## What this task involves
What is needed is an exact copy of every entry.
=== Material for this task ===
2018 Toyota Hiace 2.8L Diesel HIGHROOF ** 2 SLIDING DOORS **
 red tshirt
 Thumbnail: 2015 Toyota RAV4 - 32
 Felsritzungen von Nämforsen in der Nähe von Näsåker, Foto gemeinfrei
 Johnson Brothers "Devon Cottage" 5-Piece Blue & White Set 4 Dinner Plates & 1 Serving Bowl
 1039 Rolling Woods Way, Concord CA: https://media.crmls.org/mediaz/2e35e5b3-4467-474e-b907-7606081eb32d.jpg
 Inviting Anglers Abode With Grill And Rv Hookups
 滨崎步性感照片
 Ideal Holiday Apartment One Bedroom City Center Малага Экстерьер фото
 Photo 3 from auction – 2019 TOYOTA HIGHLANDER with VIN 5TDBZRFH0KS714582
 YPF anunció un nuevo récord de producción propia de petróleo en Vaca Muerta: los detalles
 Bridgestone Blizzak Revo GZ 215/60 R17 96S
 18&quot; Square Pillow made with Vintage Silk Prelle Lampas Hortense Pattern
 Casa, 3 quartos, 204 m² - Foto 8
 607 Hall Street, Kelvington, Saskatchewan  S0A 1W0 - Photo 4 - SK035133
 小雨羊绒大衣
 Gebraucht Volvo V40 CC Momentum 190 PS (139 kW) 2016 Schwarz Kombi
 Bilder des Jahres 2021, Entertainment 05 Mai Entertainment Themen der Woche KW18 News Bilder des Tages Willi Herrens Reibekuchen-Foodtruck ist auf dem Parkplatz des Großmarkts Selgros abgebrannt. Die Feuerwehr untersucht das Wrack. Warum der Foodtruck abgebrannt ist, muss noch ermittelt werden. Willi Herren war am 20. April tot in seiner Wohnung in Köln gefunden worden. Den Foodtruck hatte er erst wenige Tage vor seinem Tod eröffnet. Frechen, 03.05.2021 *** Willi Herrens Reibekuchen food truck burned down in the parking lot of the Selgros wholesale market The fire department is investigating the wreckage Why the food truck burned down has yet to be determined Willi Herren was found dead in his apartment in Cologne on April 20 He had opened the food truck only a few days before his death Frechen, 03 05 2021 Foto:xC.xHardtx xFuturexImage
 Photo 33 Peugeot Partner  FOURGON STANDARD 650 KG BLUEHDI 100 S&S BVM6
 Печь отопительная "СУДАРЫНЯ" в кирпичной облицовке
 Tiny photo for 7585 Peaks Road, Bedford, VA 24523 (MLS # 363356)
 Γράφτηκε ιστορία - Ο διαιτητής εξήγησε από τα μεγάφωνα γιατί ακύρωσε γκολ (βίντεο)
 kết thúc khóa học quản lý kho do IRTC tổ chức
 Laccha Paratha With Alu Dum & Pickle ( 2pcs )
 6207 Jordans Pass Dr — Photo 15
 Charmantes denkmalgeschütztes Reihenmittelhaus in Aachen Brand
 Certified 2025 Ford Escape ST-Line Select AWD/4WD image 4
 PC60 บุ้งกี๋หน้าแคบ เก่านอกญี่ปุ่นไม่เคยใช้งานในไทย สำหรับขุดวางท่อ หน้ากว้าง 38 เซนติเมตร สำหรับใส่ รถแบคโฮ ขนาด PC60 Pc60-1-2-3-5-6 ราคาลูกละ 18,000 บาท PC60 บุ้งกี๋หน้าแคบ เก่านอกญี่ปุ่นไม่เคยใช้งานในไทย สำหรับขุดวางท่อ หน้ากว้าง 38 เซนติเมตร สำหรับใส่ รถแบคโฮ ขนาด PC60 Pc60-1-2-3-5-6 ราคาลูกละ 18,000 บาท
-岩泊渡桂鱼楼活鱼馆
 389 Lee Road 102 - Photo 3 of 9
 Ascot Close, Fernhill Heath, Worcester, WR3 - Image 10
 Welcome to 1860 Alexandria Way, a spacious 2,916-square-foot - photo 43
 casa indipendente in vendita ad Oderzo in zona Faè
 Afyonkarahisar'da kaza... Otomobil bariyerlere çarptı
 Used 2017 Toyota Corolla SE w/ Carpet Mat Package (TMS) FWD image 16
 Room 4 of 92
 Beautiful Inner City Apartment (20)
===
## Solution to this exercise
2018 Toyota Hiace 2.8L Diesel HIGHROOF ** 2 SLIDING DOORS **
 red tshirt
 Thumbnail: 2015 Toyota RAV4 - 32
 Felsritzungen von Nämforsen in der Nähe von Näsåker, Foto gemeinfrei
 Johnson Brothers "Devon Cottage" 5-Piece Blue & White Set 4 Dinner Plates & 1 Serving Bowl
 1039 Rolling Woods Way, Concord CA: https://media.crmls.org/mediaz/2e35e5b3-4467-474e-b907-7606081eb32d.jpg
 Inviting Anglers Abode With Grill And Rv Hookups
 滨崎步性感照片
 Ideal Holiday Apartment One Bedroom City Center Малага Экстерьер фото
 Photo 3 from auction – 2019 TOYOTA HIGHLANDER with VIN 5TDBZRFH0KS714582
 YPF anunció un nuevo récord de producción propia de petróleo en Vaca Muerta: los detalles
 Bridgestone Blizzak Revo GZ 215/60 R17 96S
 18&quot; Square Pillow made with Vintage Silk Prelle Lampas Hortense Pattern
 Casa, 3 quartos, 204 m² - Foto 8
 607 Hall Street, Kelvington, Saskatchewan  S0A 1W0 - Photo 4 - SK035133
 小雨羊绒大衣
 Gebraucht Volvo V40 CC Momentum 190 PS (139 kW) 2016 Schwarz Kombi
 Bilder des Jahres 2021, Entertainment 05 Mai Entertainment Themen der Woche KW18 News Bilder des Tages Willi Herrens Reibekuchen-Foodtruck ist auf dem Parkplatz des Großmarkts Selgros abgebrannt. Die Feuerwehr untersucht das Wrack. Warum der Foodtruck abgebrannt ist, muss noch ermittelt werden. Willi Herren war am 20. April tot in seiner Wohnung in Köln gefunden worden. Den Foodtruck hatte er erst wenige Tage vor seinem Tod eröffnet. Frechen, 03.05.2021 *** Willi Herrens Reibekuchen food truck burned down in the parking lot of the Selgros wholesale market The fire department is investigating the wreckage Why the food truck burned down has yet to be determined Willi Herren was found dead in his apartment in Cologne on April 20 He had opened the food truck only a few days before his death Frechen, 03 05 2021 Foto:xC.xHardtx xFuturexImage
 Photo 33 Peugeot Partner  FOURGON STANDARD 650 KG BLUEHDI 100 S&S BVM6
 Печь отопительная "СУДАРЫНЯ" в кирпичной облицовке
 Tiny photo for 7585 Peaks Road, Bedford, VA 24523 (MLS # 363356)
 Γράφτηκε ιστορία - Ο διαιτητής εξήγησε από τα μεγάφωνα γιατί ακύρωσε γκολ (βίντεο)
 kết thúc khóa học quản lý kho do IRTC tổ chức
 Laccha Paratha With Alu Dum & Pickle ( 2pcs )
 6207 Jordans Pass Dr — Photo 15
 Charmantes denkmalgeschütztes Reihenmittelhaus in Aachen Brand
 Certified 2025 Ford Escape ST-Line Select AWD/4WD image 4
 PC60 บุ้งกี๋หน้าแคบ เก่านอกญี่ปุ่นไม่เคยใช้งานในไทย สำหรับขุดวางท่อ หน้ากว้าง 38 เซนติเมตร สำหรับใส่ รถแบคโฮ ขนาด PC60 Pc60-1-2-3-5-6 ราคาลูกละ 18,000 บาท PC60 บุ้งกี๋หน้าแคบ เก่านอกญี่ปุ่นไม่เคยใช้งานในไทย สำหรับขุดวางท่อ หน้ากว้าง 38 เซนติเมตร สำหรับใส่ รถแบคโฮ ขนาด PC60 Pc60-1-2-3-5-6 ราคาลูกละ 18,000 บาท
-岩泊渡桂鱼楼活鱼馆
 389 Lee Road 102 - Photo 3 of 9
 Ascot Close, Fernhill Heath, Worcester, WR3 - Image 10
 Welcome to 1860 Alexandria Way, a spacious 2,916-square-foot - photo 43
 casa indipendente in vendita ad Oderzo in zona Faè
 Afyonkarahisar'da kaza... Otomobil bariyerlere çarptı
 Used 2017 Toyota Corolla SE w/ Carpet Mat Package (TMS) FWD image 16
 Room 4 of 92
 Beautiful Inner City Apartment (20)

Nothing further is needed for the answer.